Budding feminists we may have been, but I don't think that we fully realized the importance of that pioneering woman subway driver. We definitely didn't think of the arbitrary hurdles she must almost certainly have had to leap in order to take her place in a "man's world".
At least, not until we went on to read The Women's Room.
The truth is, I haven't read The Women's Room since the early to mid-1980s, when I was in my early to mid-teens. I don't remember the plot of the novel, or the names of any of the characters; nor have I yet looked at the synopsis I've linked to above. So it may seem strange that I feel compelled to mark the author's death this past Saturday.
That compulsion arises from the fact that, despite my fading memories, I can honestly and confidently say that Marilyn French's novel was one of the most influential books I had read to that point in my then brief life and one that remains for me — despite the loss of detailed memory over the years — a touchstone, a landmark in the development of my ability to "imagine the other", in this case the lives of North American women and the vital necessity of the feminist movements of which The Women's Room was a vital part. (Not many novels manage to sell 20 million copies.)
As best I can remember, The Women's Room followed the didactic path that began with (if not before) Uncle Tom's Cabin and now very familiar through books by the likes of Alice Walker's The Colour Purple (which I also haven't read for a very long time; forgive me if I get details wrong).
Call them social tragedies. Such novels follow a more or less inevitable destruction of the individual by society, by social expectations and by legal strictures.
Published in 1977, I suspect my poor memory of the novel itself — as opposed to my memory of its impact upon me — indicates The Women's Room was more a powerful artifact of its time rather than a work of immortal literature — but who knows? Maybe it's just one of those books I don't remember very well. There are a lot of those, after all.
In any case, in the early 1980s it was a novel that deeply moved me and even more deeply enraged me. French clearly illustrated the genuine evils that arise in societies that treat people as members of a group or class, rather than as individual human beings, societies in which only the most heroic women were able to take their place as subjects of their own lives, rather than objects of the men with whom they shared those lives.
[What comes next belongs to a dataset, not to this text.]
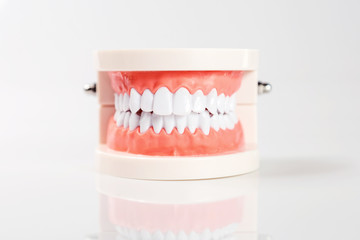 Dental concept healthy equipment tools dental care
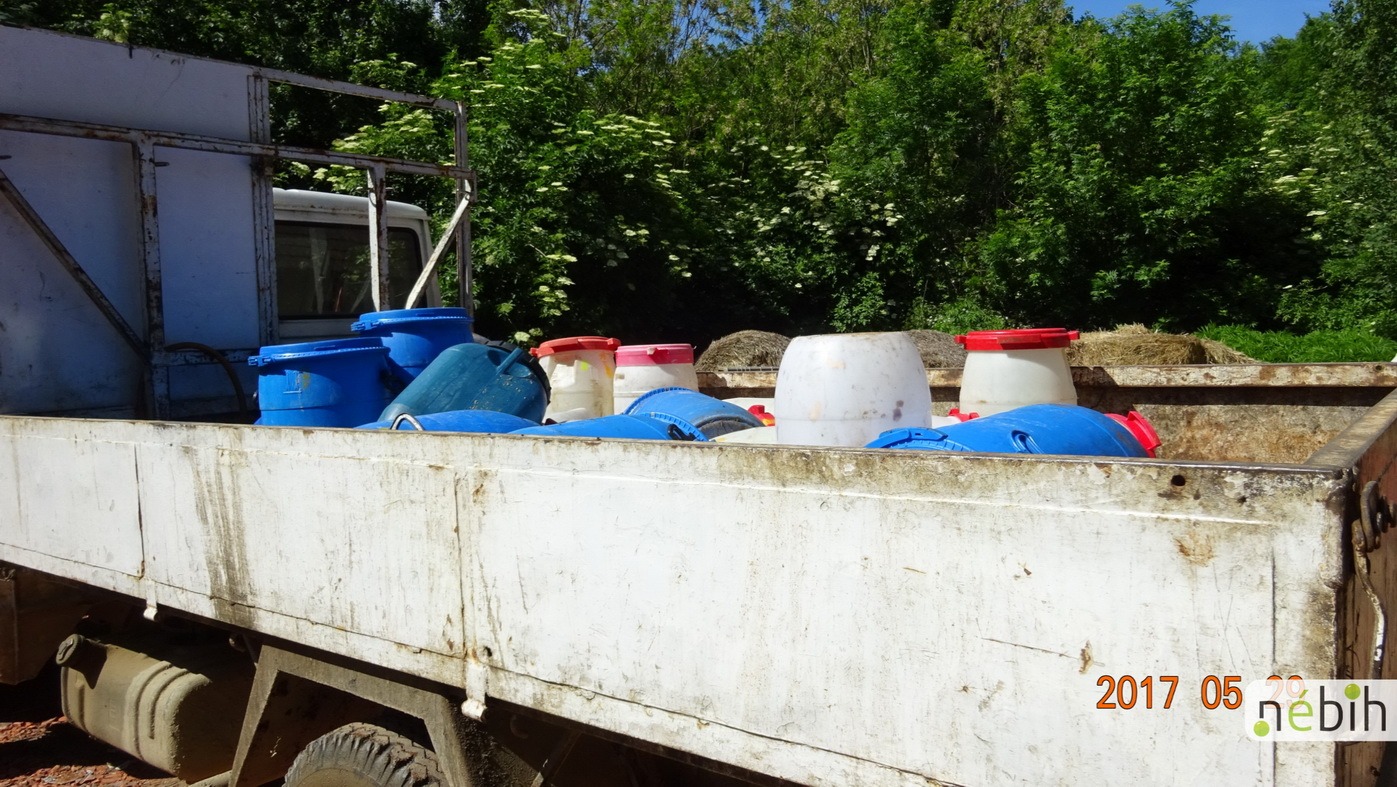 Csalás útján jutott a moslék a malacokhoz a kutyák helyett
The Women's Room was at once an articulate cry of rage and demand for justice, for fairness, for the fundamental right of all women — 'till then, eternally denied — to control the course of their own lives.
For me, French's novel was a seminal (if you'll pardon that o! so archaic term; the battle is not over yet) work which showed the reality behind the theory of feminism, which made concrete for me just why so many women were so angry. I suspect that, for my generation, it had an effect similar to the one Martin Luther King's "I had a dream" speech had on the previous generation's understanding of the world and "the other".
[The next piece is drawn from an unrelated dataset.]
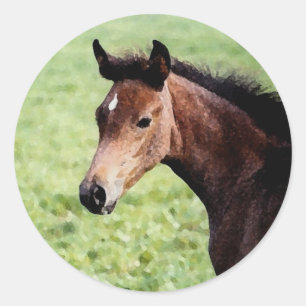 Autocollant de Foal Arabian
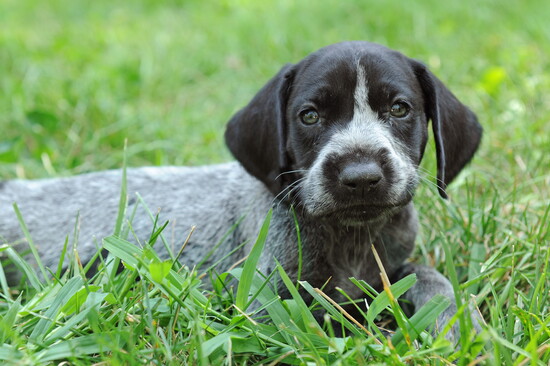 German shorthaired pointer laying in grass.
According to the obituary published in the Charlotte Observer, "Her aim, she said, was 'to change the entire social and economic structure of Western civilization, to make it a feminist world.'"
I doubt she died believing the job was done, but I hope she was able to appreciate the massive changes that have happened in the 30-some years since her book was published and that she knew her work had been a significant part of those changes.
Certainly, it had a lasting impact on me.